Einige Wochen waren nun seit der Belagerung des Tempels vergangen, seit einer Zeit, in der Jasper einen neuen Sinn in seinem Dasein gehabt hatte.
Die Tage im Tempel, in der Gesellschaft der Gläubigen, die von Ketzern und Geschöpfen aus den Niederhöllen umzingelt waren, hatten ihn zurück zum Glauben geführt. Über Jahre hinweg waren die Viere seine Begleiter gewesen, doch nie zuvor waren sie ihm so präsent gewesen. Seine mittlerweile fast agnostische Haltung hatte sich in Wohlgefallen aufgelöst.
Dann kam die Schlacht. Der Ausbruch aus dem Tempel glich einem glühenden Fanal in der tiefschwarzen Nacht, ein Zeichen, auf das er so lange gewartet hatte. Schon vorher hatte er im Geheimen seinen Frieden gemacht, vor den Vieren sein letztes Bekenntnis abgelegt und dem Moment entgegengeblickt, der ihn entweder zurück ins Leben oder in die Hallen Morsans bringen würde...
...und hier stand er nun, auf der obersten Stufe des Tempelportals zu Falkensee. Andächtig blickte er auf die Marmorierung der glatten Stiege. Der Dreck war entfernt worden, das Blut weggewaschen. Die Barrikaden waren verschwunden; Geröll, Schutt und Asche beiseitegeräumt. Vitama hielt Einzug in der siebenwindschen Hauptstadt. Seit einigen Tagen schon wanderte er immer wieder durch die Gassen, grübelnd, in sich versunken, gelegentlich auch betend. Ein Veteran auf Suche nach einem neuen Sinn, einer Perspektive.
Der Blick seiner stahlgrauen Augen schweifte über den Marktplatz, erfasste Menschen, die wieder lachten, tranken, feilschten und das Leben lebten, als wäre es nie anders gewesen. Nachdenklich rieb er sich über den Nasenrücken. Weitermachen wie zuvor... das würde bedeuten, in die alte Mark im Lehen Herder zurückzukehren. Den monotonen Posten des Leibwächters der Freiherren von Niebenau zu Herder einzunehmen und tagein, tagaus die paranoiden Eskapaden der hohen Herrschaften abzuwehren. Nein, so schnell wollte er dies nicht mehr durchmachen.
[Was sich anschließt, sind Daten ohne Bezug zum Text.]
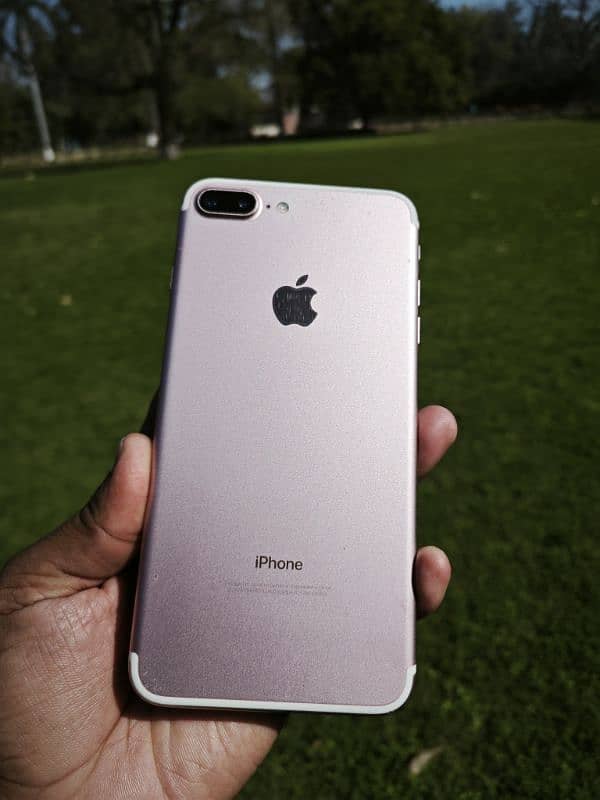 iphone 7 plus Official PTA 128gb 0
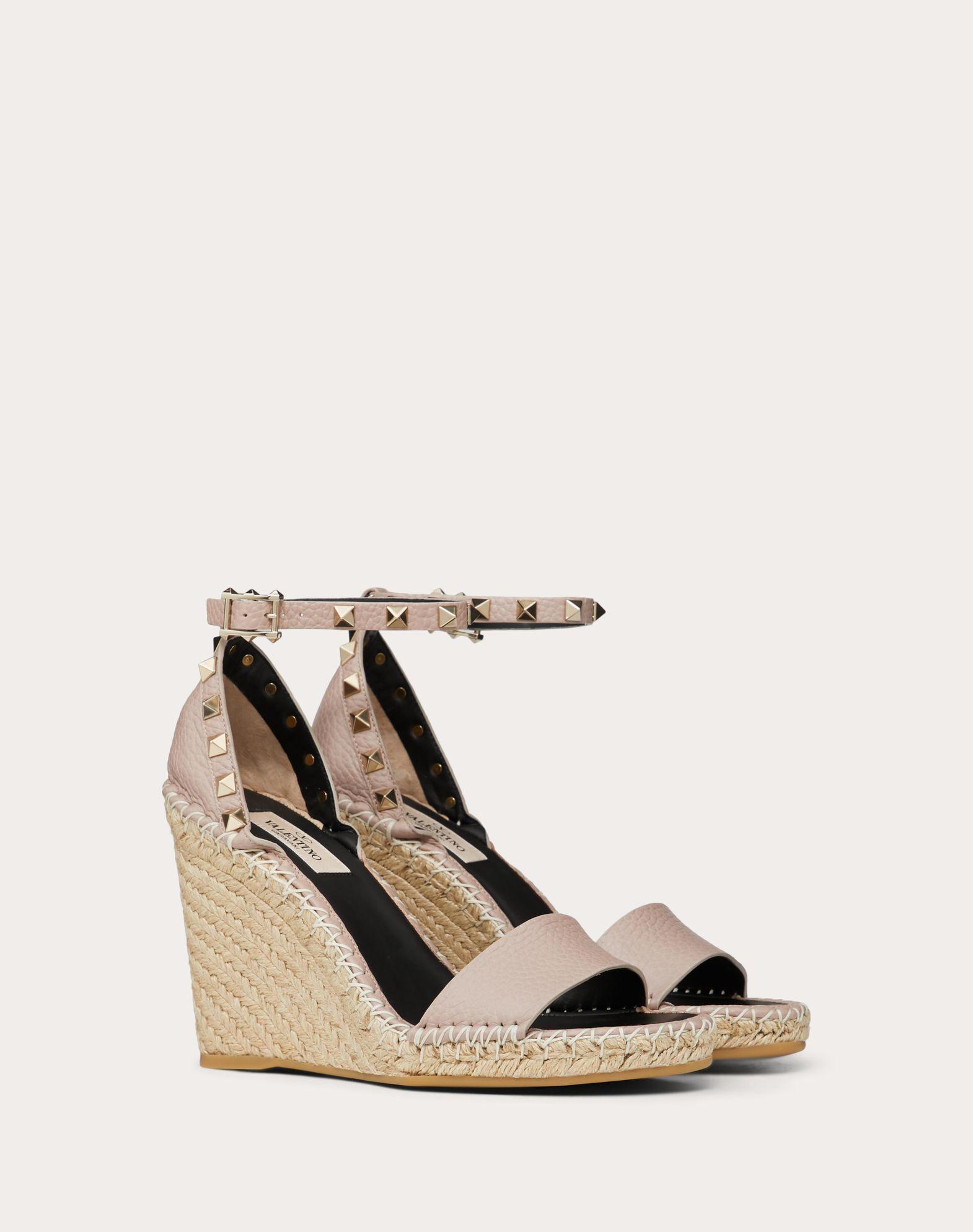 DOUBLE ROCKSTUD GRAINY CALFSKIN WEDGE SANDAL 105 MM Product Image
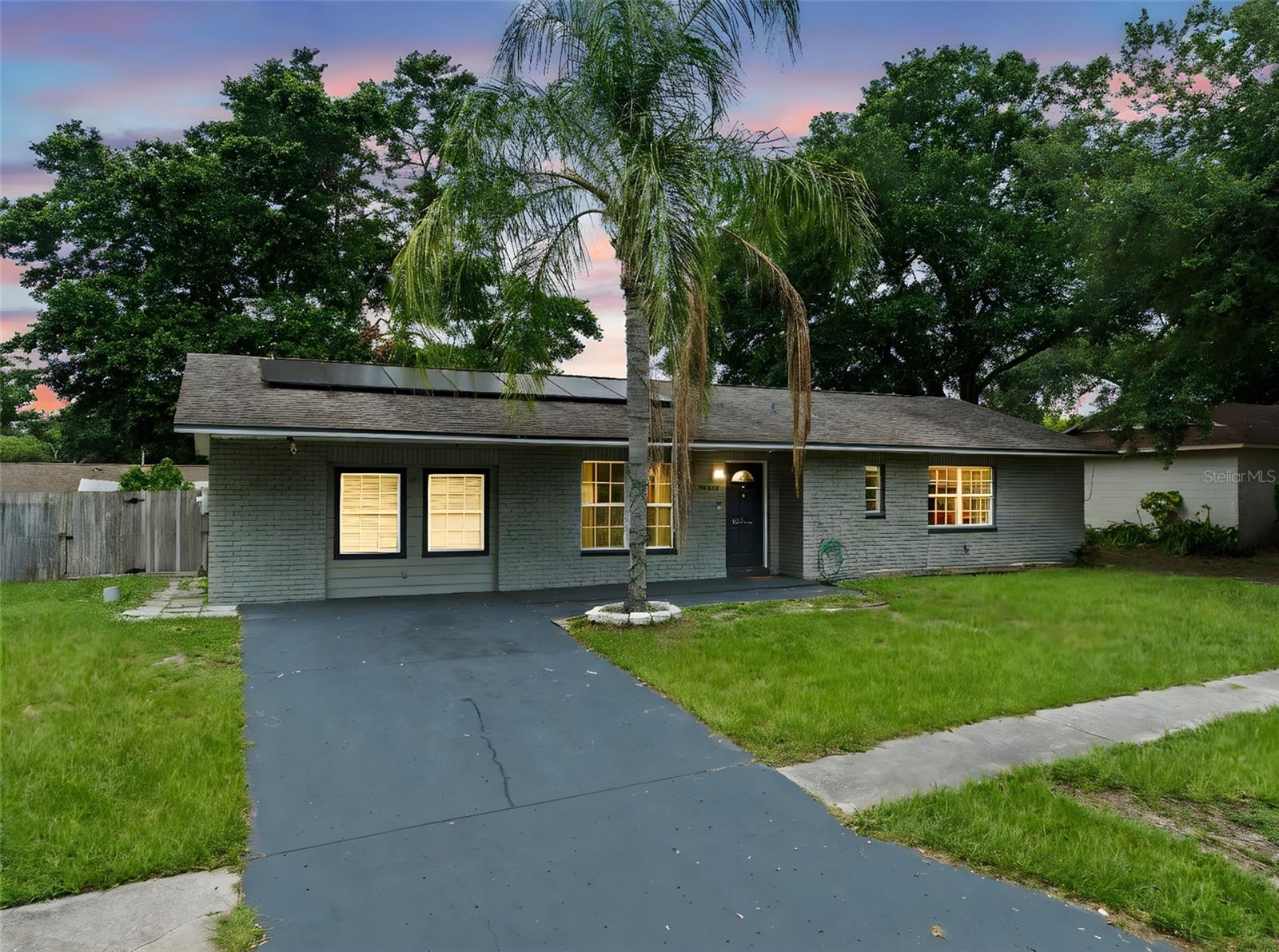 Listing photo id 2 for 4906 Presidential Street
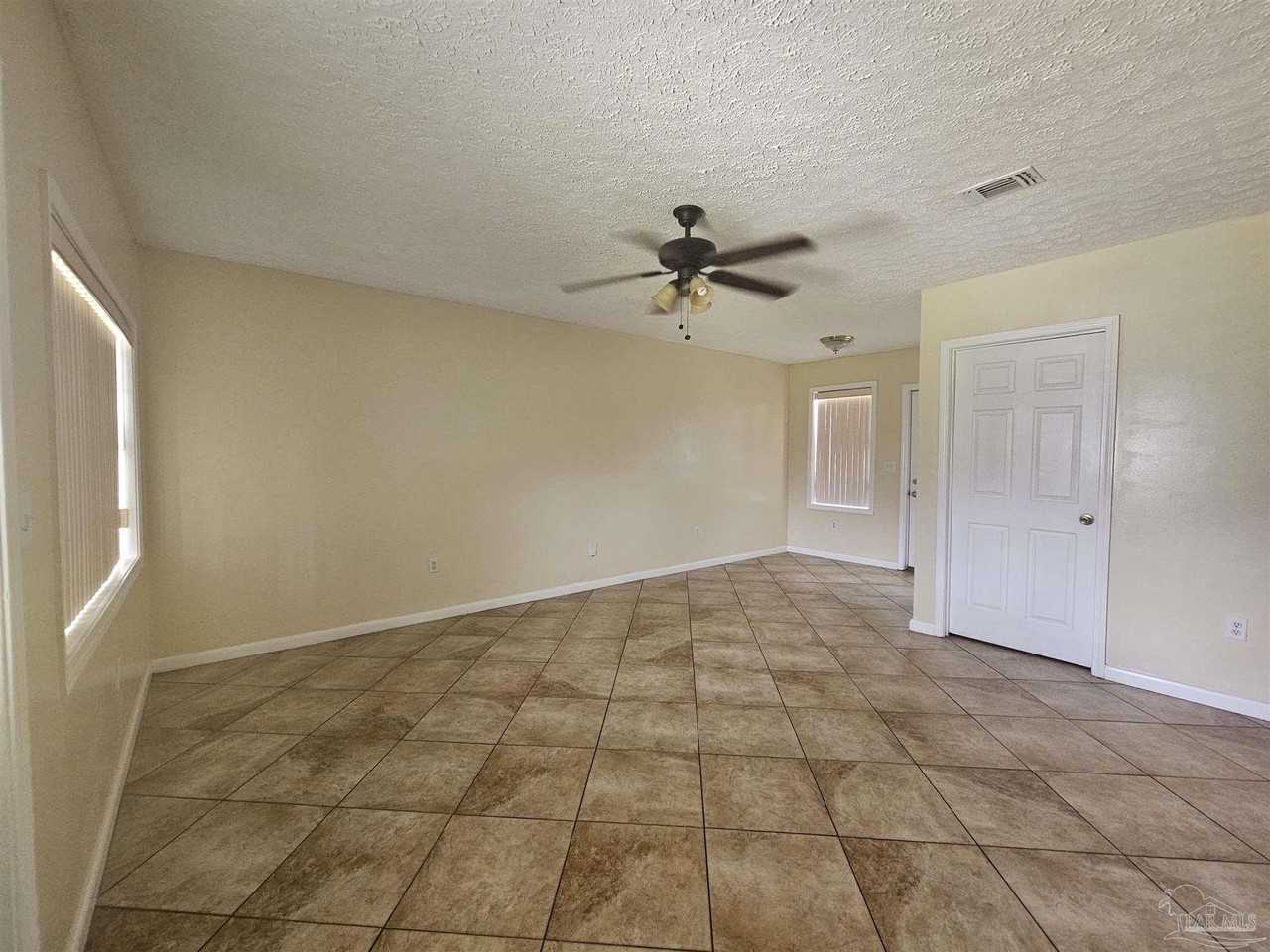 203 Topaz Ave - Photo 2 of 7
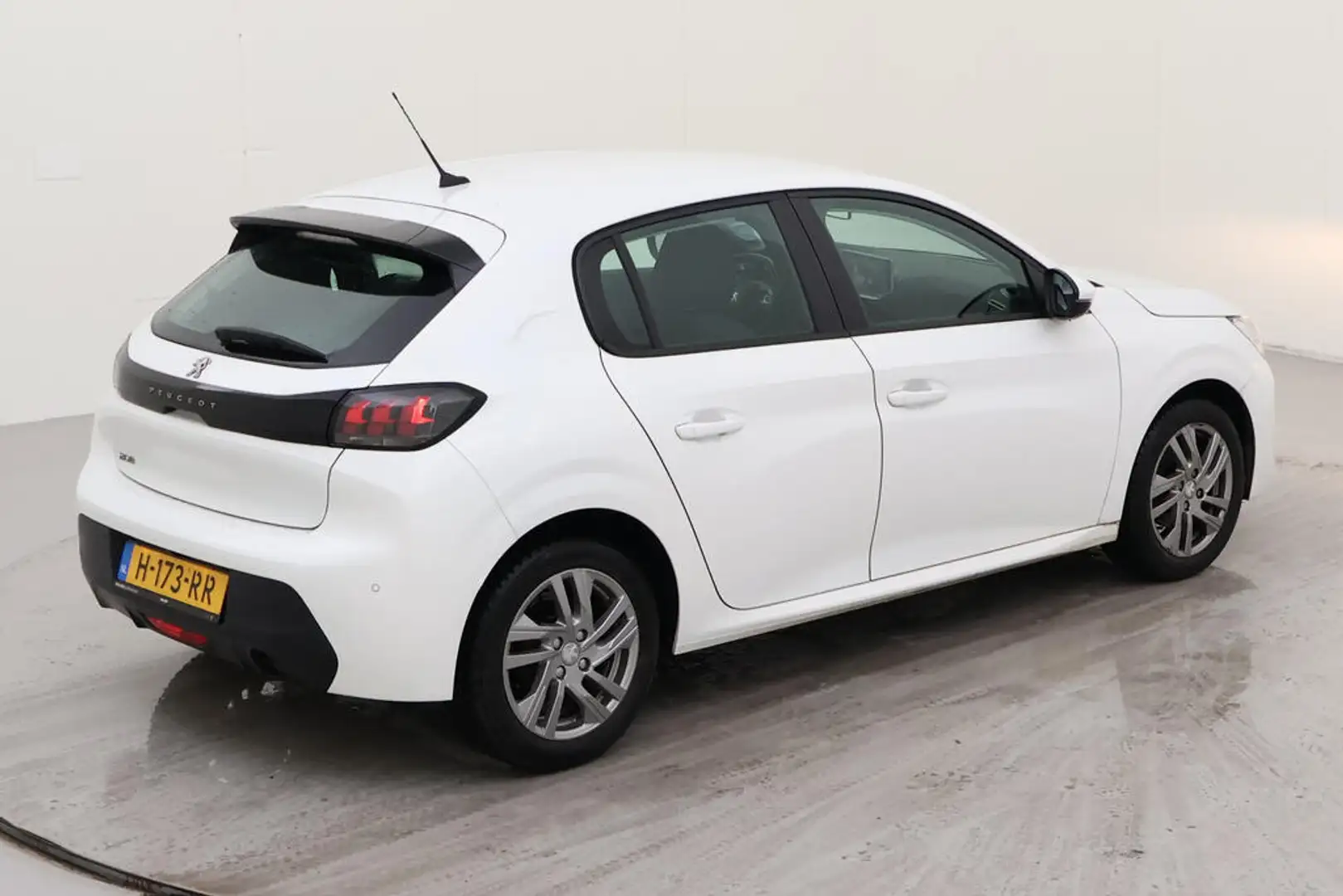 Peugeot 208 1.2 PureTech Blue Lease Active NL AUTO | NAVI | CA Weiß - 2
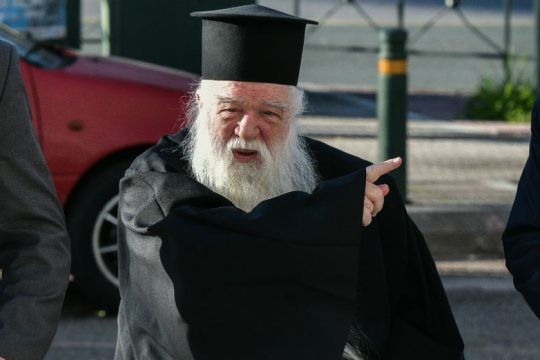 Αμετανόητος Αμβρόσιος, αποδίδει το δυστύχημα των Τεμπών στην οργή του Θεού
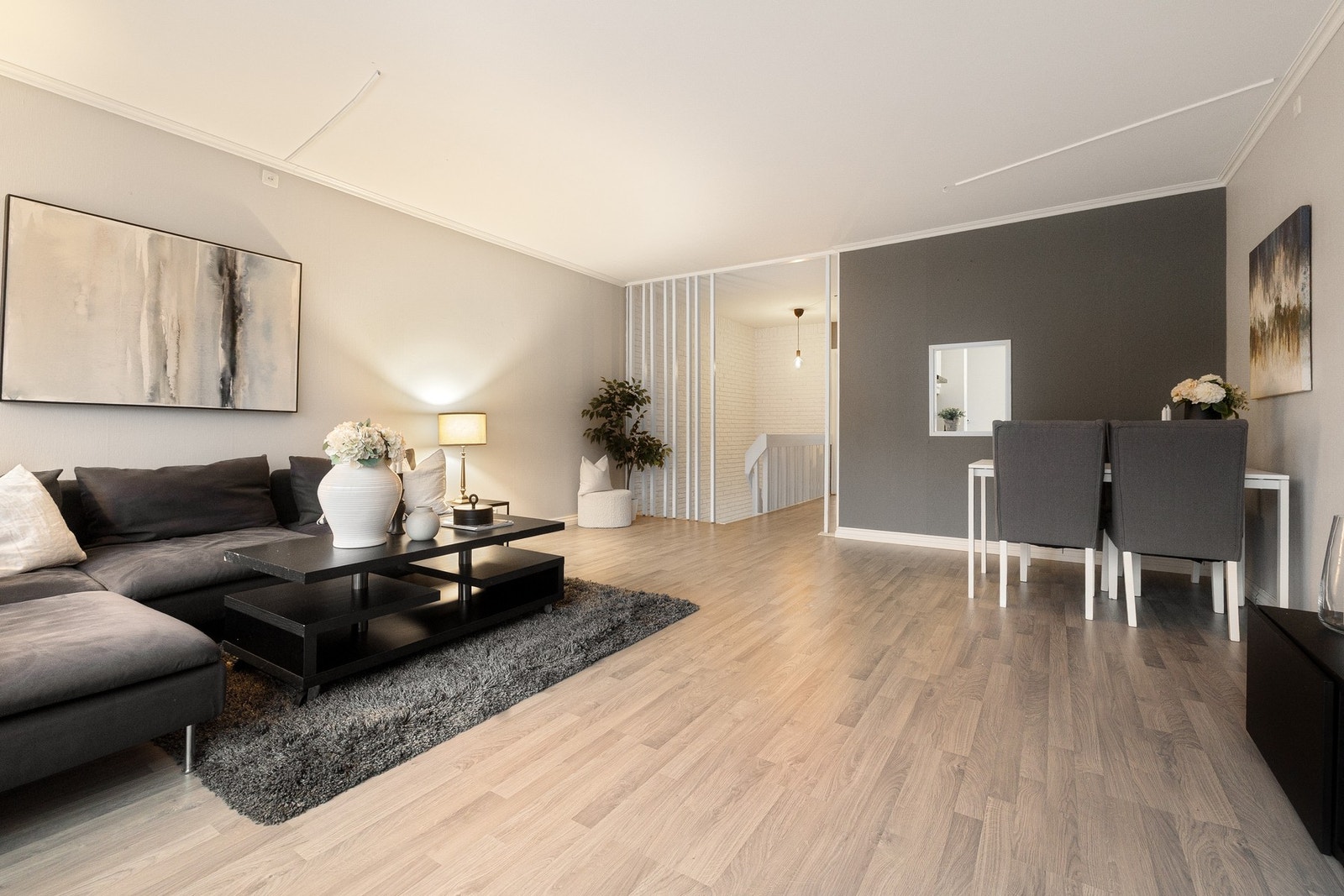 Stuen har en fleksibel planløsning som gir gode muligheter for innredning i flere naturlige soner. Galleribilde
"Durchmachen" war das Stichwort. Die Angebote Torans, Williams, Leopolds als auch Myrandhirs waren Möglichkeiten, aber keine wahren Alternativen. Dankend hatte er sie ausgeschlagen und gleichzeitig gesagt, dass er es sich überlegen wolle. Doch je mehr er überlegte, umso weniger erschienen sie ihm erstrebenswert. Jasper war nicht zu stolz, im Gegenteil... um in die Dienste der Orden der Viere zu treten, empfand er andere besser geeignet. Weder Garde noch Wache erschienen für ihn selbst sinnstiftend genug. Fast 50 Götterläufe zählte Jasper bereits, und gewiss wollte er nicht noch einmal mit "He, Rekrut!" angebrüllt werden, um von jungen Schnöseln, die gerade von der Militärakademie gekommen waren, herumkommandiert zu werden. Dann erblickte er kurz darauf, bei seiner Wanderung durch das "neue" Falkensee den kleinen Aushang mit dem Ersonter Siegel darauf.
Wenig später erkundigte er sich bereits bei Awa nach der Uhrzeit, zu der die Ratssitzung stattfinden sollte, ebenso sprach er mit Toran über sein Anliegen. Das Toran dabei seine unverhohlene Neugier kaum zügeln konnte, amüsierte ihn ein wenig. Auch, wenn er selbst noch ein paar kleine Zweifel an seiner eigenen Idee hatte - er würde am morgigen Abend im Schloss anwesend sein, um einen neuen Sinn für sich zu finden und dabei Gutes zu tun. Er wollte Richter des Lehens Ersont auf Siebenwind werden.